→ Work task
After locating the line that contains "Donna - leather", output that line and each one following it, exactly, to the end of the entries. No pictures.
++++ Provided records
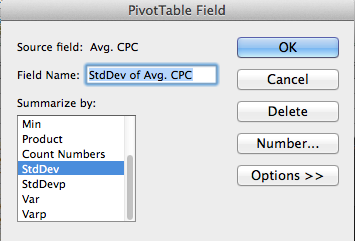 Standard deviation in a Pivot Table.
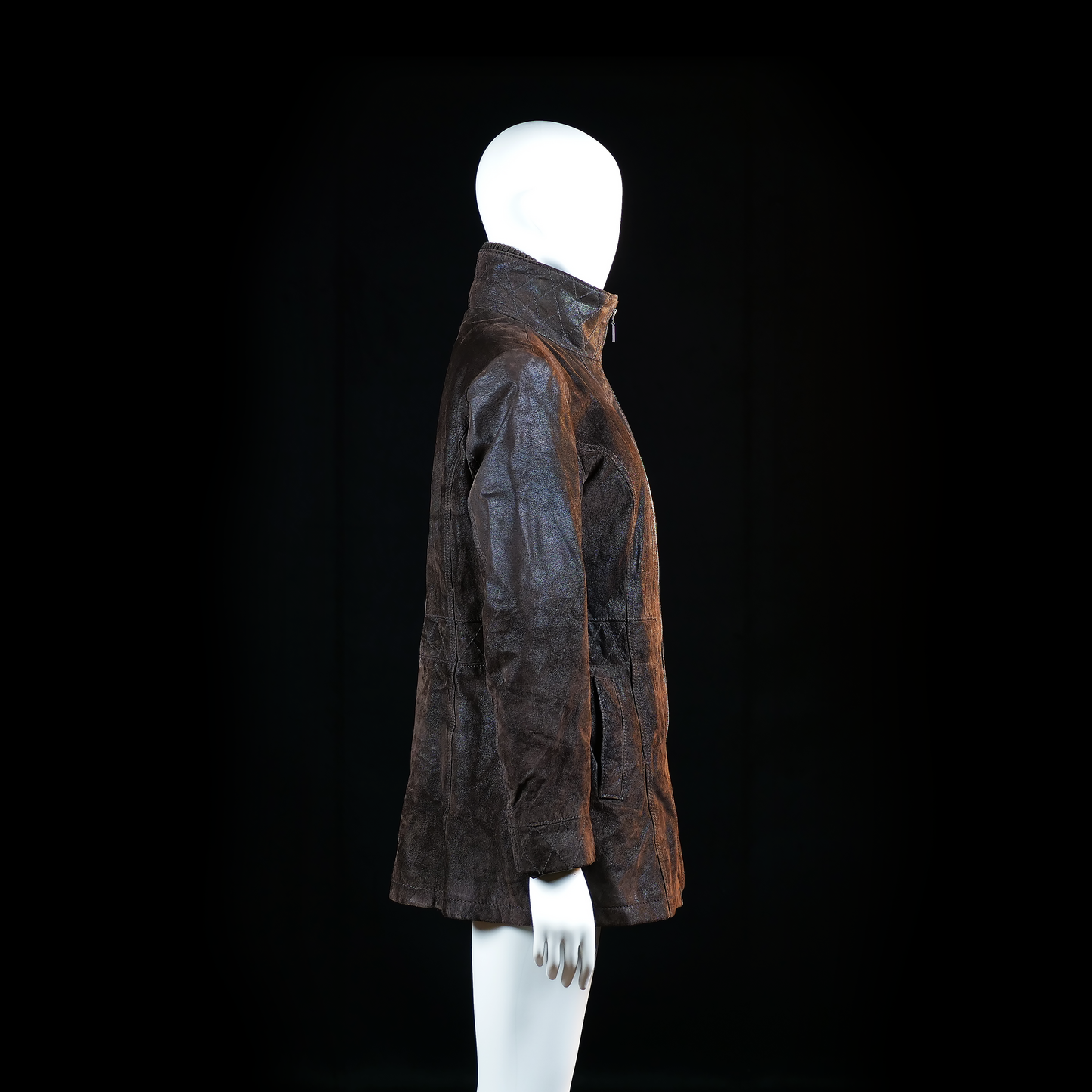 Donna - leather jacket - Dark Brown - (Storlek: 40)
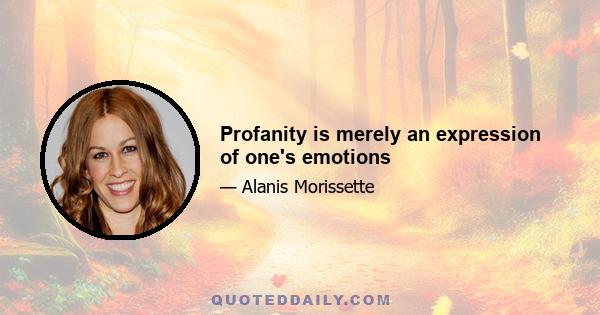 Profanity is merely an expression of one's emotions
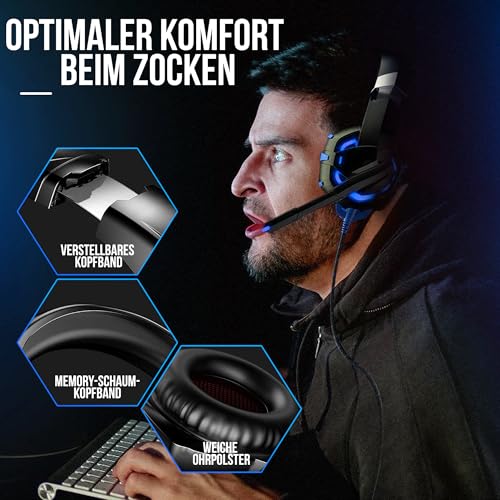 Strex Gaming-Headset mit Mikrofon Blau – Kompatibel mit PC | PS4 | PS5 | Xbox One | Xbox Series Bild 4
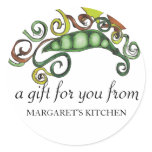 organic hippie peas vegan vegetarian gift tag s... stickers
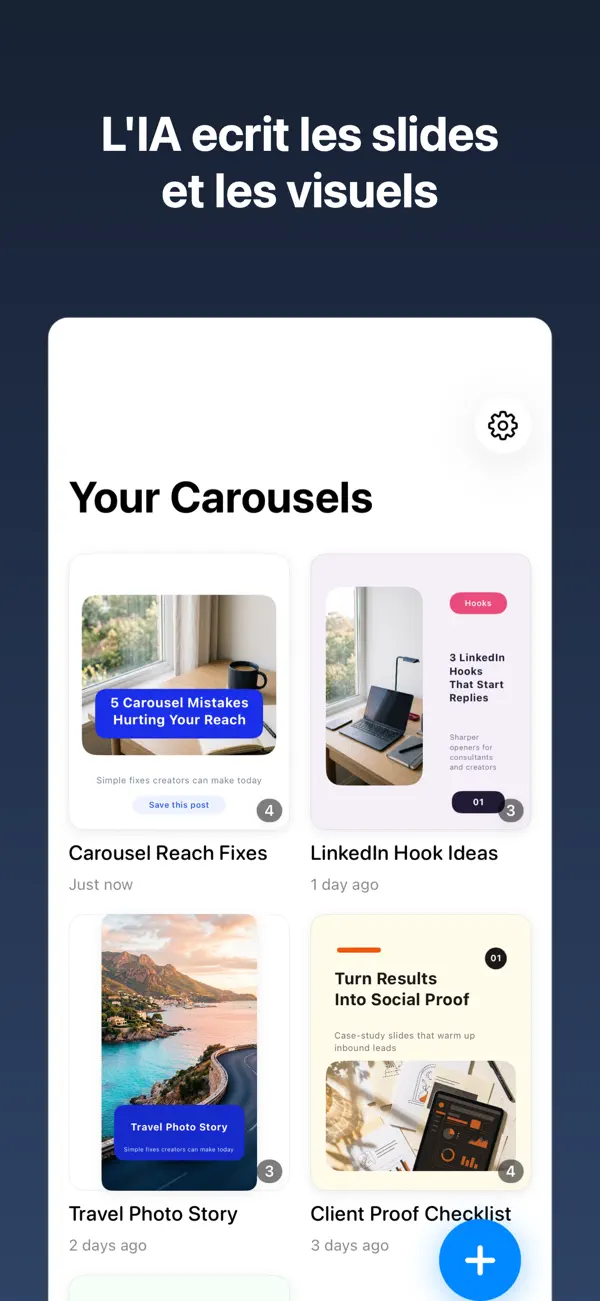 Screenshot #1 pour Carousel: Posts IA pour Insta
++++++++
→ Result of this exercise
 Donna - leather jacket - Dark Brown - (Storlek: 40)
 Profanity is merely an expression of one's emotions
 Strex Gaming-Headset mit Mikrofon Blau – Kompatibel mit PC | PS4 | PS5 | Xbox One | Xbox Series Bild 4
 organic hippie peas vegan vegetarian gift tag s... stickers
 Screenshot #1 pour Carousel: Posts IA pour Insta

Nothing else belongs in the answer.